The new season opened in a blaze of warmth and power with Chabrier’s popular Espana. The large orchestra – close to a hundred players – were essentially there for the Strauss in the second half but it made for a large scale and highly extrovert reading of a work too often heard simply as background music to other activities.

If the rest of the evening was less familiar it was none the less welcome. Callum Smart was the soloist in Korngold’s Violin Concerto. If this is not a work which comes immediately to mind when one thinks of the concerto repertoire it certainly has considerable appeal, even though the opening is stark and often feels remote.
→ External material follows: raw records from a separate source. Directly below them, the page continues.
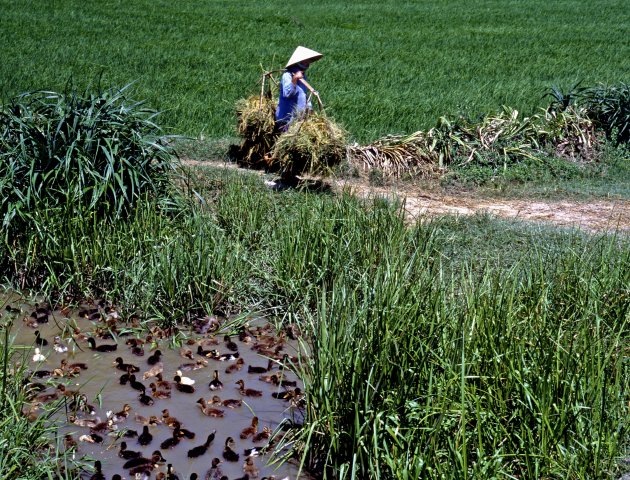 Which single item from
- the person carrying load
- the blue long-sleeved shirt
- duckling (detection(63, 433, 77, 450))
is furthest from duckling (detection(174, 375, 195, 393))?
the blue long-sleeved shirt

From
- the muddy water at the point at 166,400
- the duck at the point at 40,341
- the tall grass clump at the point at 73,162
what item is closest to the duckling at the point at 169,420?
the muddy water at the point at 166,400

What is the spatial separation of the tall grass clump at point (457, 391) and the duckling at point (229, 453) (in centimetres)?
32

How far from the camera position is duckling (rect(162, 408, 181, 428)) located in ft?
16.2

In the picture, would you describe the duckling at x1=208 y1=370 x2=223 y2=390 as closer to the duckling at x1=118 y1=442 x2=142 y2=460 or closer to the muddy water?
the muddy water

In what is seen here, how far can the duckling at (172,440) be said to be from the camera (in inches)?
186

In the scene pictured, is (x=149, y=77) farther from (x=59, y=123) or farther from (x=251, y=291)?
(x=251, y=291)

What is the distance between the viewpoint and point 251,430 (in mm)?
4891

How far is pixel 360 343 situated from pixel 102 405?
5.01 feet

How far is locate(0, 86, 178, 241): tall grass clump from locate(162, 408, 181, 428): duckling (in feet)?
6.79

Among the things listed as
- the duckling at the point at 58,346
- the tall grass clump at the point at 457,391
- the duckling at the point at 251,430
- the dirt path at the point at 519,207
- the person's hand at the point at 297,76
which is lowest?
the duckling at the point at 58,346

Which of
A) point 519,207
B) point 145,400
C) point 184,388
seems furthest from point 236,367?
point 519,207

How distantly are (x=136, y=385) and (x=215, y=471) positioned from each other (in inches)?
38.1

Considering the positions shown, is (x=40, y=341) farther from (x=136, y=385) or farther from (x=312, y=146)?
(x=312, y=146)

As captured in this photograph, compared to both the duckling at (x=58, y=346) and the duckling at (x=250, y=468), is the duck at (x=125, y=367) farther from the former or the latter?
the duckling at (x=250, y=468) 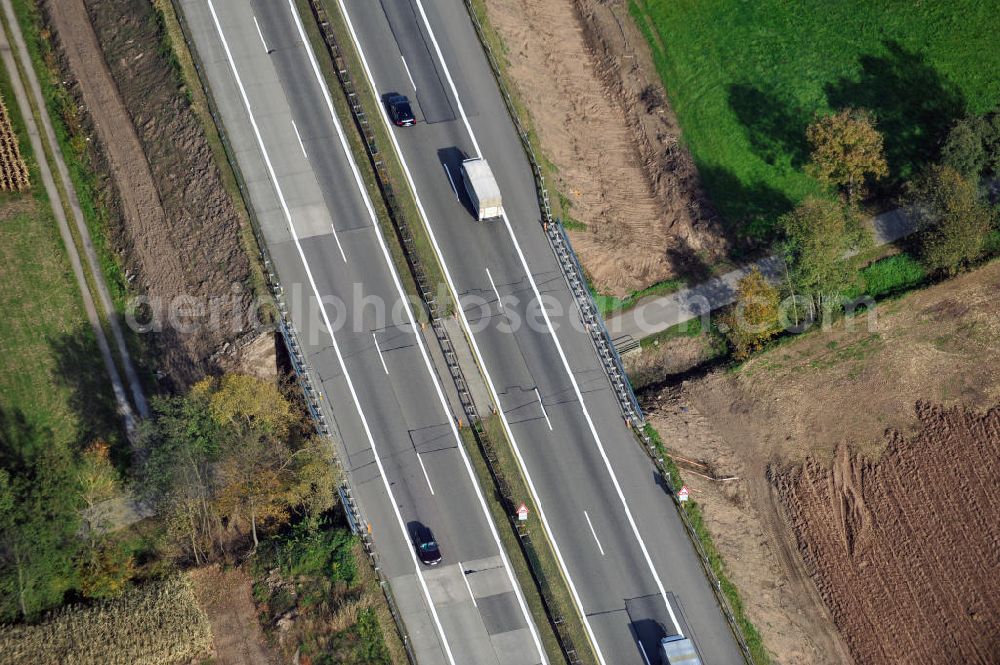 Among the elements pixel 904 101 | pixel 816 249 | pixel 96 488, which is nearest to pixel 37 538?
pixel 96 488

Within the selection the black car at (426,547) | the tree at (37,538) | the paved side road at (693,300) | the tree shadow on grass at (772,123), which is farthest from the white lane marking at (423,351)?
the tree shadow on grass at (772,123)

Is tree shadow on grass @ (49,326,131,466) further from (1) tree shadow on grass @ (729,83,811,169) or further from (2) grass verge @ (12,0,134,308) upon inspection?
(1) tree shadow on grass @ (729,83,811,169)

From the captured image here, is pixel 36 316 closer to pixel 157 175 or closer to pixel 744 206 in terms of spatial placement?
pixel 157 175

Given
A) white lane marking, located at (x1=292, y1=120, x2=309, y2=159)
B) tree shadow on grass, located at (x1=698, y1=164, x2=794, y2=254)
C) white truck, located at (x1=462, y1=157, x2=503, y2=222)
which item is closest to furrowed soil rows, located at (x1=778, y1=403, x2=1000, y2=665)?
tree shadow on grass, located at (x1=698, y1=164, x2=794, y2=254)

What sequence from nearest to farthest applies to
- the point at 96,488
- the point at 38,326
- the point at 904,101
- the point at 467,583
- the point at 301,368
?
the point at 467,583 < the point at 96,488 < the point at 301,368 < the point at 38,326 < the point at 904,101

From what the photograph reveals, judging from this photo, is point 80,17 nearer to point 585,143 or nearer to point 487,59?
point 487,59

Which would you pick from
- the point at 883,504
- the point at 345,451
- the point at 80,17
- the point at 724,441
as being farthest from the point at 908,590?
the point at 80,17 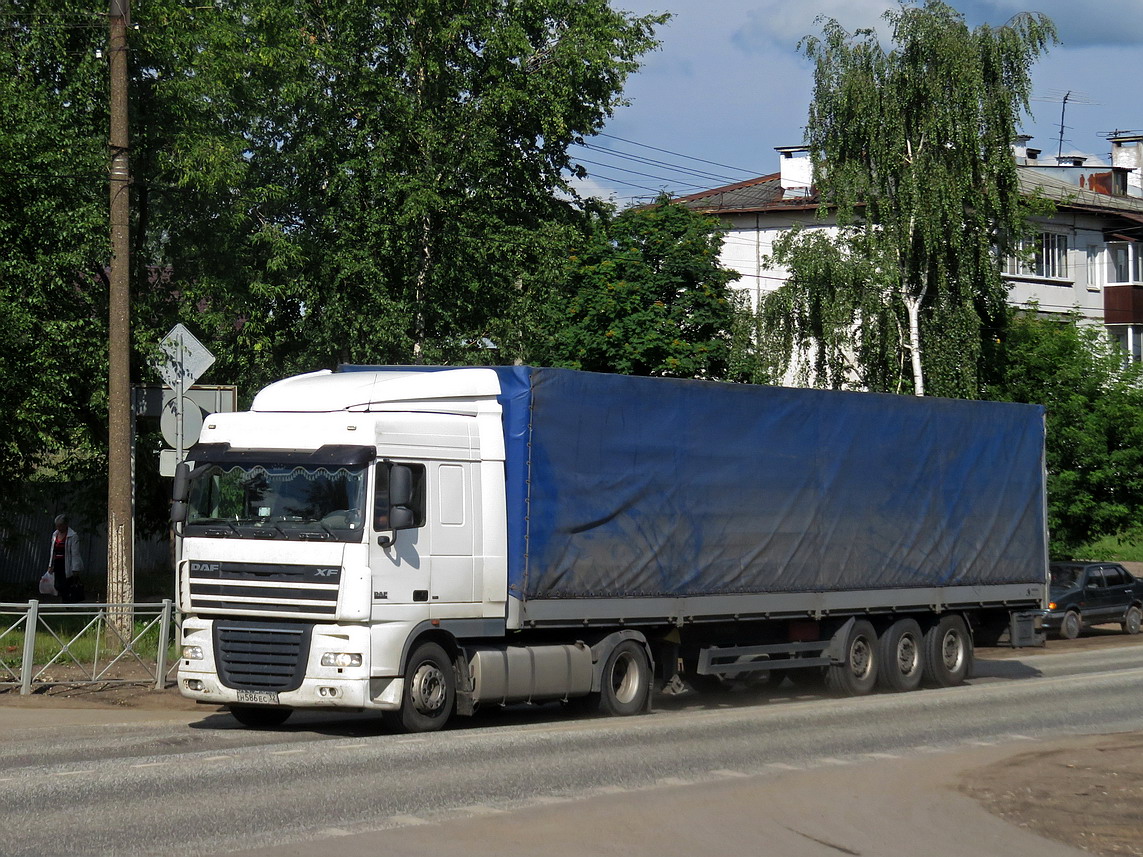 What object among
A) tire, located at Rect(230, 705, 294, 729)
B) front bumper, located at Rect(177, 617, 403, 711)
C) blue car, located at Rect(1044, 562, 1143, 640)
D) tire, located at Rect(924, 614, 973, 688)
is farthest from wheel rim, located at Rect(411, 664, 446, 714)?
blue car, located at Rect(1044, 562, 1143, 640)

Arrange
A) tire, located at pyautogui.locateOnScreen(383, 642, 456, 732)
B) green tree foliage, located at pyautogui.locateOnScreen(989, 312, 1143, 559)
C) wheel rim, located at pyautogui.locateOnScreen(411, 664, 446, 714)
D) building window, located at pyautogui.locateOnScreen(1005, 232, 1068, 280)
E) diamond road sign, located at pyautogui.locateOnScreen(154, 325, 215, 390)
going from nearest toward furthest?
tire, located at pyautogui.locateOnScreen(383, 642, 456, 732), wheel rim, located at pyautogui.locateOnScreen(411, 664, 446, 714), diamond road sign, located at pyautogui.locateOnScreen(154, 325, 215, 390), green tree foliage, located at pyautogui.locateOnScreen(989, 312, 1143, 559), building window, located at pyautogui.locateOnScreen(1005, 232, 1068, 280)

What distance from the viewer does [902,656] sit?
1866cm

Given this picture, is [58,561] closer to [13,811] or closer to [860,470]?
[860,470]

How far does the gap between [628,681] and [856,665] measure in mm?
4052

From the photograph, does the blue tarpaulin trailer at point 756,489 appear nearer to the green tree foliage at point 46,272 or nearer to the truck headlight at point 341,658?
the truck headlight at point 341,658

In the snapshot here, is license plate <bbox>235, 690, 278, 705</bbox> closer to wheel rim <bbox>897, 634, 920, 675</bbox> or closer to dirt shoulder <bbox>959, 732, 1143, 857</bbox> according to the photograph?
dirt shoulder <bbox>959, 732, 1143, 857</bbox>

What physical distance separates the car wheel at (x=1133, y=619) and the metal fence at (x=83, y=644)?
22043 millimetres

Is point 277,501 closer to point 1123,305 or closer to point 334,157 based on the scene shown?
point 334,157

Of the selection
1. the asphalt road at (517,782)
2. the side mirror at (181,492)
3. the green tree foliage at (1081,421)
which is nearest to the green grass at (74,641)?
the asphalt road at (517,782)

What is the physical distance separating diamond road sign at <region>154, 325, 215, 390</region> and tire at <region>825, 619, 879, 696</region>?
8276 millimetres

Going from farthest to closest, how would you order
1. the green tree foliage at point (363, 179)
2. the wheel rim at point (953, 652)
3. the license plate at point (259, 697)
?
the green tree foliage at point (363, 179), the wheel rim at point (953, 652), the license plate at point (259, 697)

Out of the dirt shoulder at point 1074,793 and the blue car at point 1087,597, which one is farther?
the blue car at point 1087,597

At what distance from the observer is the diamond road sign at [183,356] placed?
55.0 feet

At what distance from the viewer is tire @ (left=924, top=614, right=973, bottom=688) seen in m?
19.0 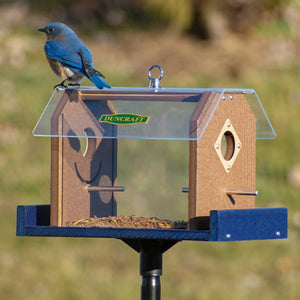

The odd flashes of warmth display the cinematic origins of the score as does the gentle romanticism of the slow movement. The finale is all bluster and fire, with lurking pirates and historical romances hidden beneath the heroic dances and fanfares. Callum Smart’s warm sense of engagement almost convinced us it was a great work.

After the interval we had Strauss’ Ein Heldenleben released upon us in all its magnificent opulence and virility. Strauss uses the vast panoply of forces at his command to milk both the tonal and emotional palette, and frequently overwhelms with the sheer level of volume – no wonder the orchestra need the new protective shields. Yet within this score there are many hauntingly beautiful moments and many passages of fine solo playing. This highlights a somewhat strange dichotomy within the programming. The solo violin part, admirably played by guest leader Andrew Laing, is effectively a violin concerto in its own right, so that we ended up with two lengthy violin solos by two fine violinists. All very much to our benefit but unexpected if you were not ready for it.

Throughout Brian Wright had galvanised his large forces with tact and skill, particular in the rabble-rousing passages in the Strauss which raised the hair on the back of your neck.

We are on more familiar ground on 30th November when John Lill joins the orchestra for Brahms’ 2nd piano concerto, plus Schumann’s 4th symphony and Beethoven’s final overture for Fidelio.